We were speaking of dysfunctional personal relationships and all that comes with them. I learned the hard way that what we allow to go on in our lives is up to us.
Here is what I said right before the person walked away.
“In personal relationships, we are responsible for what we permit to go on in our lives. Basically, we get what we allow.”
I went on to say, “It is our responsibility to require others to respect us enough to treat us well.”
Not in an unkind way, but in a balanced mature way. We have to stand up and require better behavior until our interactions are more positive. At the same time, we have to examine our own behavior and consider how much of what happened was our fault. What parts are us? Further, what parts are things we have experienced before? Then, we have to act.
We must change our own behavior, but also require better behavior in interactions. If the other person does not change their behavior, then we can limit interactions with them or sever the relationship.
Years ago I was in a dysfunctional relationship and after a shocking discovery that resulted in a huge fight and a sobbing meltdown, a friend of mine said this to me, “You get what you allow.” I thought about that statement over and over. It made me angry that someone else’s behavior was my problem to fix. Someone had treated me abysmally, but somehow I was at fault??
So the night I was discussing this life lesson with someone else and they got angry, I understood, because I had felt the same way when someone said it to me.

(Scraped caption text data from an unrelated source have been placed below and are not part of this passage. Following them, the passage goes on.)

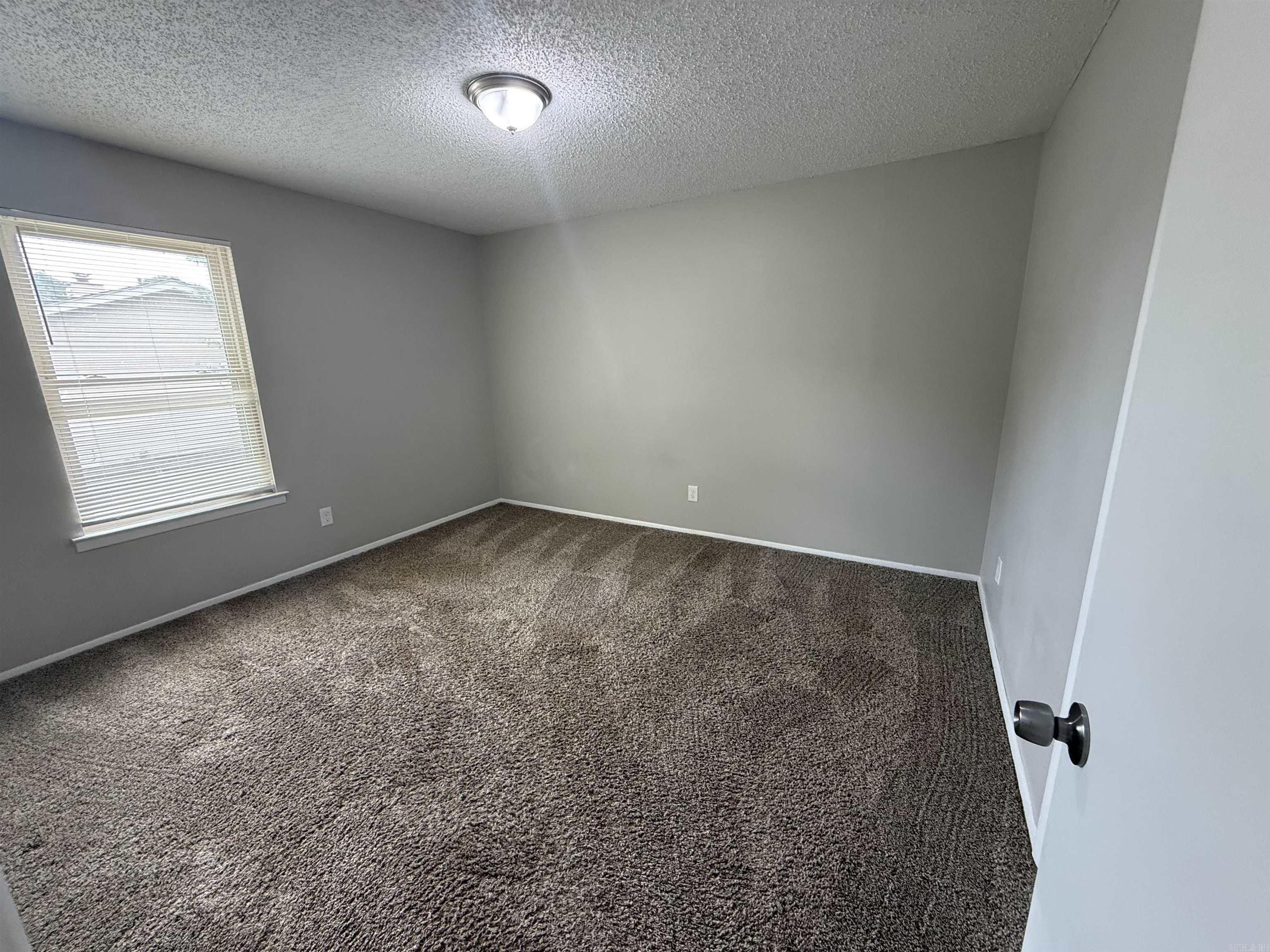 TARA MOUNT - Residential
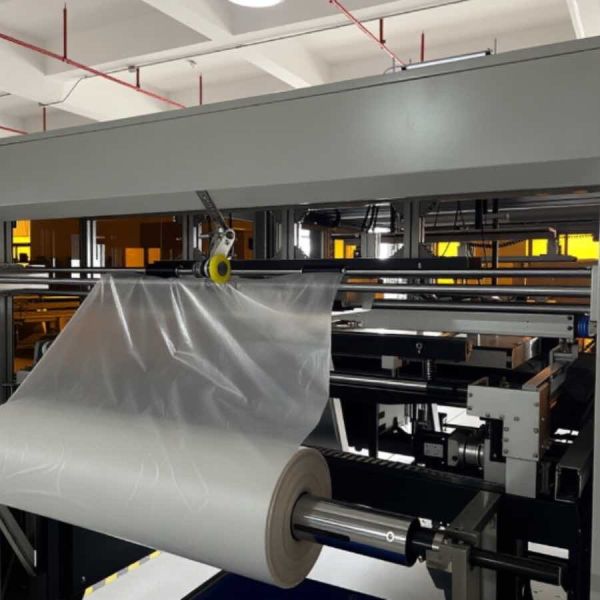 Fully Automatic Bottling Machine with Robotic Arm and PLC Control System for High-Efficiency Packaging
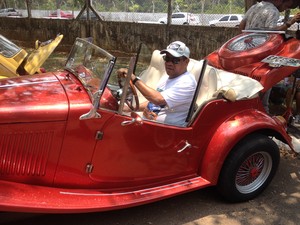 Orlando Nascimento, todo orgulhoso em seu Calhambeque ano 1975 (Foto: Toni Francis)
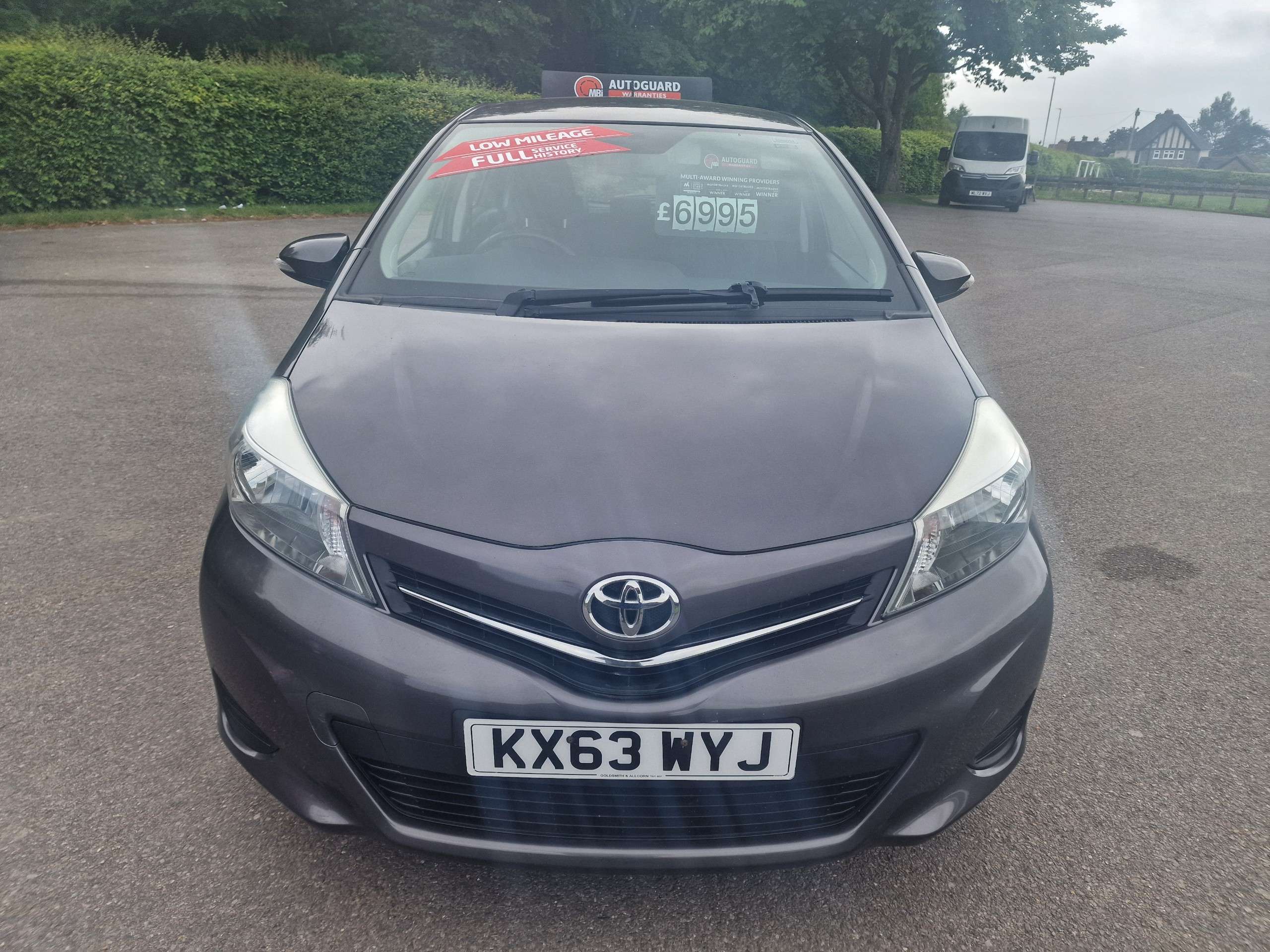 A 2013 TOYOTA YARIS 1.33 Dual VVT-i TR Hatchback 5dr Petrol Manual Euro 5 (101 ps)+LOW MILEAGE UNDER 40,000 MILES, FULL SERVICE HISTORY+ A 2013 TOYOTA YARIS 1.33 Dual VVT-i TR Hatchback 5dr Petrol Manual Euro 5 (101 ps)+LOW MILEAGE UNDER 40,000 MILES, FULL SERVICE HISTORY+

Take note. It is up to us to teach people how we want to be treated, what we will allow to go on in the relationship and what we will not.
If we do not teach others to respect our boundaries, our right to an opinion, and our physical person, then what we allow might not be something we want.
It is our responsibility to address the dysfunction because we are the ones carrying the anger, bitterness, or hurt after conversations or other interactions.
We are the ones carrying around hurt and engaging thought time in the situation, so we need to do something about it. If we don’t, then we have to let it go.
It is up to us to own our half of the dysfunction. I am not assigning fault here. The key is to captain your own ship. When there is a problem and you are the one personally affected, you must be the one to address it.
Beyond an initial conversation about boundaries, I also said that for some personalities this is a hard thing to do, but worth learning.
Some people have difficulty speaking up when another person is manipulative, mean, critical, or emotionally abusive. Out of surprise or shock, the person on the receiving end may find it difficult to respond initially.
As a life philosophy, I try to see the best in people, so I was one of those people blindsided at times with someone zinging me in public or outright disrespecting me.
In the past, it was hard to embarrass someone the way they embarrassed me with their behavior. I knew if I called them on it in front of people, they would be humiliated. So, many times I let it go at my own expense.
Consequently, I also found it increasingly difficult to be friends with very strong personalities who ran over me without even realizing it.
It took a while to require the respect of my friends in their dealings with me and not walk around exhausted after interactions.
But, I also had to make sure I did not have a chip on my shoulder, seeing hurt in every situation. Intentions may not be what our filters/lens see. We all have filters that affect what we hear and how we receive it.
If I feel run over, then I have to speak up. When I feel disrespected or discounted, then it is up to me to right the ship or let it go. I get what I allow.
We can’t carry around anger all the time. Anger eats up energy.
So we have to deal with it and own our part in it, or let it go.
The problem is that you may not be able to alter abusive behavior or dysfunction when it is coming from the other person. At that point you have to accept that the relationship will not work and move on.
Hard truth, but it will change how you treat people and let them treat you. We get what we personally allow. Let your “what you allow” be great.